YOUR ASSIGNMENT ->
Every word of the listing must be returned. Retype it exactly.

AVAILABLE DATA ->
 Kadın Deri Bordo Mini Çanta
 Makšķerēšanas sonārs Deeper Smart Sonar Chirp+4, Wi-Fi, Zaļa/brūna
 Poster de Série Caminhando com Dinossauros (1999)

FINAL ANSWER ->
 Kadın Deri Bordo Mini Çanta
 Makšķerēšanas sonārs Deeper Smart Sonar Chirp+4, Wi-Fi, Zaļa/brūna
 Poster de Série Caminhando com Dinossauros (1999)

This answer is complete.